Nation Contributing Editor Stephen F. Cohen and John Batchelor continue their weekly discussions of the new US-Russian Cold War. (Now in their fourth year, previous installments are at TheNation.com.)
Cohen deeply regrets that the discussion must begin again with neo-McCarthyism, but it has become perhaps the most important factor in today’s American political-media establishment, and it is growing by the week. In recent days, for example, MSNBC’s Rachel Maddow has cast wild aspersions and specific allegations of “Russian connections” and Putin puppetry at both the White House and State Department—all without any verified facts. A reliable stenographer of Clinton-Obama opinion declares, while denying any McCarthyism on his part, “We do have evidence of Americans having actual contacts with Russians,” in addition, it seems, to familiar narrower charges that “Trump associates” have been “in contact with Russian intelligence officials.” Where, Cohen wonders, is this headed?
A CNN “documentary” on Russian President Putin—The Most Powerful Man in the World—provided the kind of degraded historical narrative needed for McCarthy-like hysteria and witch hunts. Traumatized by the end of the Soviet Union, Putin has since been afflicted by an abiding fear of “revolution” in Russia. Hence his dictatorial politics at home, hence his “hatred for Hillary Clinton,” who encouraged Moscow protests in 2011–12, hence his plot to hack the Democratic National Committee and disseminate its embarrassing e-mails in order to undermine her presidential campaign, hence the possibility of “collusion” with Donald Trump’s campaign, etc. The many social, political, and international factors that have shaped Russia, and Putin himself, since the end of the Soviet Union were all but omitted or scarcely credited.
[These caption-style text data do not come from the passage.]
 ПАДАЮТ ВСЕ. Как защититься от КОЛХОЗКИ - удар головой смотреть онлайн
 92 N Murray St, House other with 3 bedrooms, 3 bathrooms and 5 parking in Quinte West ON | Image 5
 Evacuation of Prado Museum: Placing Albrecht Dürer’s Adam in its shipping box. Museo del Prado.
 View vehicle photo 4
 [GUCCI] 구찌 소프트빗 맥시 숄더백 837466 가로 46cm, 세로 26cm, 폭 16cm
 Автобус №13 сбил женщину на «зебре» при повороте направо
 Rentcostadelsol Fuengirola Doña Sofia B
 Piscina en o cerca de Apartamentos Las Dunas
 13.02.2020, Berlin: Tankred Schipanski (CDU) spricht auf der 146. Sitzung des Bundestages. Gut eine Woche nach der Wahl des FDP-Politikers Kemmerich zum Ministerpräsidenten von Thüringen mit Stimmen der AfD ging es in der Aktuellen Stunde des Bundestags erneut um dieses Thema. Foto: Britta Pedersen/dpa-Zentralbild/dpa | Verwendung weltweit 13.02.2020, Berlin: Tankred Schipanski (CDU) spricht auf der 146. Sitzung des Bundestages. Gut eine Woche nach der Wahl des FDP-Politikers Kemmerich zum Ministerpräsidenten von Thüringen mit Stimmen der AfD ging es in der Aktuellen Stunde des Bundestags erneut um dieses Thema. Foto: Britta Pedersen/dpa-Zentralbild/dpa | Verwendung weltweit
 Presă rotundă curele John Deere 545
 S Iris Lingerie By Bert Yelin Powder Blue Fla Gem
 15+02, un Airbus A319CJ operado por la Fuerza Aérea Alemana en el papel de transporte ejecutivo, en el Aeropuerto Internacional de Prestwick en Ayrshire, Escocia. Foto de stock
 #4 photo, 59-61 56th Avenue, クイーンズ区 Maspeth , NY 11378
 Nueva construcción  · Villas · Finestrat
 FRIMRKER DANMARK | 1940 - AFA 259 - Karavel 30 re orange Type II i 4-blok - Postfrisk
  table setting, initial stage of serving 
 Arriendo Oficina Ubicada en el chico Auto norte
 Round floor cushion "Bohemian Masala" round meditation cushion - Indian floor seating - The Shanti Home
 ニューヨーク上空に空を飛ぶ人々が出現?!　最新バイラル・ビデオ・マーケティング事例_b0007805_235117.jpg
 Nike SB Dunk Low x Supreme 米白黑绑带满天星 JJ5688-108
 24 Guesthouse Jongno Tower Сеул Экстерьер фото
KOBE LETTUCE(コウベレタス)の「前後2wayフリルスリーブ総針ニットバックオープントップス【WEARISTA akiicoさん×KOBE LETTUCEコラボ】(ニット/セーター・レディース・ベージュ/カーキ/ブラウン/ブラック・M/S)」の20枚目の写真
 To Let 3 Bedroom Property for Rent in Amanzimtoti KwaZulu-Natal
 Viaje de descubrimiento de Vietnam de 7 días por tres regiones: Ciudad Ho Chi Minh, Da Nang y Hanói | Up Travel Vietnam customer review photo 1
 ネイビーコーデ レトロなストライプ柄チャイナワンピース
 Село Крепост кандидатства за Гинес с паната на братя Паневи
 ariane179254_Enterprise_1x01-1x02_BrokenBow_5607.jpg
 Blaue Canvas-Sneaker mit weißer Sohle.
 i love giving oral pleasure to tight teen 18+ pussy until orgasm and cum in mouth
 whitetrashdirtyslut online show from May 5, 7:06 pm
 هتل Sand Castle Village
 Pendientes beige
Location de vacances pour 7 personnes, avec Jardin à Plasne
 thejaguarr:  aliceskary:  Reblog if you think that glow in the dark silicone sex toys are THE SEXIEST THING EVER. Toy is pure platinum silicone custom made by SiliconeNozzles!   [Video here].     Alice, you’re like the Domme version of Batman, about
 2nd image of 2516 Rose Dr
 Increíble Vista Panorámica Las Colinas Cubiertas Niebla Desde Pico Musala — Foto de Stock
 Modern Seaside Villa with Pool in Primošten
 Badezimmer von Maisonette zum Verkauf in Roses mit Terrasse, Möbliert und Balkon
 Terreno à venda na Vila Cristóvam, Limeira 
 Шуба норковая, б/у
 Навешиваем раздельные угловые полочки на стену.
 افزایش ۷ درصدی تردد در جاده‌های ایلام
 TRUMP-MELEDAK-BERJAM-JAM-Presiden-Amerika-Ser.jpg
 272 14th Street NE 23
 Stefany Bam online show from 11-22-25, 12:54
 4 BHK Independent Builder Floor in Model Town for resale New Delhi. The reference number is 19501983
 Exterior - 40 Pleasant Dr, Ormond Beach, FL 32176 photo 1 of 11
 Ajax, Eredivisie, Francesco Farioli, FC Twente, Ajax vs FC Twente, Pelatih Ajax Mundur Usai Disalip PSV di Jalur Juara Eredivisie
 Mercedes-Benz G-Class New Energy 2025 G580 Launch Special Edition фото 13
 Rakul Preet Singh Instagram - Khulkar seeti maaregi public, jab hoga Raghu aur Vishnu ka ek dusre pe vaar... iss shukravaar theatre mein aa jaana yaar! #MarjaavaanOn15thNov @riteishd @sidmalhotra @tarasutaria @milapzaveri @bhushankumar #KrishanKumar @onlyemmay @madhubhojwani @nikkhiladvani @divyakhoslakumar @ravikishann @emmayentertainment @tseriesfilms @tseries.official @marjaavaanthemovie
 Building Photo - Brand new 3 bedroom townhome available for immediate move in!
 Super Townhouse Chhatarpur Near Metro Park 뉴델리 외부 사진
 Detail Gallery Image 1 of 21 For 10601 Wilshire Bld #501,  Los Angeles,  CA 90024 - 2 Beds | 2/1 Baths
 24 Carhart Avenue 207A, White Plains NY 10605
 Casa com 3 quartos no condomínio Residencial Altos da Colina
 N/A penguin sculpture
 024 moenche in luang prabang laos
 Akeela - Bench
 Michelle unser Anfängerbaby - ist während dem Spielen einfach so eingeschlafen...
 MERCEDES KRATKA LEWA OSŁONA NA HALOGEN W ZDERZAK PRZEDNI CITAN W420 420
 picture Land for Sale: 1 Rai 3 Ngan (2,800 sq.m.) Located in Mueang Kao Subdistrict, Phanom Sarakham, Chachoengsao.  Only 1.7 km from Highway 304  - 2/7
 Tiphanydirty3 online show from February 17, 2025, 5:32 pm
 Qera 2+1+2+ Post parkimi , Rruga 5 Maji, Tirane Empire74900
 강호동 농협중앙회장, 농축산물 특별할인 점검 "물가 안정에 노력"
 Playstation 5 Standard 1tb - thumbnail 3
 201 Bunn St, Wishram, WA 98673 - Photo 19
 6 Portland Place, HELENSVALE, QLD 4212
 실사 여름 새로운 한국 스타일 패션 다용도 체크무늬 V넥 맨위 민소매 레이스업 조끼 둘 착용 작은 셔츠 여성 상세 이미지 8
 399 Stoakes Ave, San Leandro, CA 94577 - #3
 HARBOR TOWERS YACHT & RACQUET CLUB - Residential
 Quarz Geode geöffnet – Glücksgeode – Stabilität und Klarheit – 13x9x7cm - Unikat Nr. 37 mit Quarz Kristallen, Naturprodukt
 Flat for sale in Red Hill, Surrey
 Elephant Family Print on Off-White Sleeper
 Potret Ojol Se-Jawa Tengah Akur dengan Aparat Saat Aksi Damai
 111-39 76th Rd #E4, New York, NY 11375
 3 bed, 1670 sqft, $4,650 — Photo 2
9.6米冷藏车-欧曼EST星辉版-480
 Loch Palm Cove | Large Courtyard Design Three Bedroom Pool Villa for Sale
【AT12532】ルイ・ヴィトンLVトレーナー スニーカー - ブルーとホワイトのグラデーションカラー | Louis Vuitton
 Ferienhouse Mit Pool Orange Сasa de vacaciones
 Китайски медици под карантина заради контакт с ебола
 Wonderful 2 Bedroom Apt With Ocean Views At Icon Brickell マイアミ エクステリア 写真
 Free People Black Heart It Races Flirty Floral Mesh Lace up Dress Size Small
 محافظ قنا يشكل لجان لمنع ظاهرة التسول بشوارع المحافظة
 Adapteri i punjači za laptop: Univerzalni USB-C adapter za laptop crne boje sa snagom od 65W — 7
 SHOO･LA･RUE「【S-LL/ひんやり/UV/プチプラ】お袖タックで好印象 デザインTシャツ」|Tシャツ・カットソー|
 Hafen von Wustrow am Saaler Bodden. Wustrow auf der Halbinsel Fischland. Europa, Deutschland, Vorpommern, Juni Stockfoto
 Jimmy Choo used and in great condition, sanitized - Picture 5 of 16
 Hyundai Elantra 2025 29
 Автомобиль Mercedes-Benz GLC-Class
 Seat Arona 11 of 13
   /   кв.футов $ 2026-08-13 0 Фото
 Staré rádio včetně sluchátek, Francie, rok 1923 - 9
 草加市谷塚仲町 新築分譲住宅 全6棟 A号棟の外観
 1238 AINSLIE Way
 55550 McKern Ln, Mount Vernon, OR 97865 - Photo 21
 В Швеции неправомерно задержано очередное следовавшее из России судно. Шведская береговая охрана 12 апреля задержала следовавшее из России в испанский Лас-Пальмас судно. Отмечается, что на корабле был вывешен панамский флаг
Among the many “experts” presented in the documentary, none challenged this pseudo-history, except obliquely Putin’s own press spokesman, hardly a credible counter-expert. Meanwhile, developments in Congress, including ample funding, suggest that a latter-day Committee on Un-American Activities may be in the making, one that would again ferret out “Russian apologists” and censor them.
“Investigations” of nefarious “Russian connections” in American politics begin in Congress next Monday. Cohen asks what they will investigate, since no documented facts have actually been publicly presented for any of the allegations—only “assessments” based on presumed Kremlin motives and Trump complicity. Cohen thinks it’s more likely that the “investigations” will produce months of enhanced demonizing of Putin and Russia, and thus, in the McCarthyite tradition, of Trump’s guilt by implied association—as in wanting better relations with Russia and refusing to vilify Putin personally, which is being adduced as evidence. We should hope, Cohen adds, some actual facts are presented that we can “investigate” and evaluate them, but so far there are none.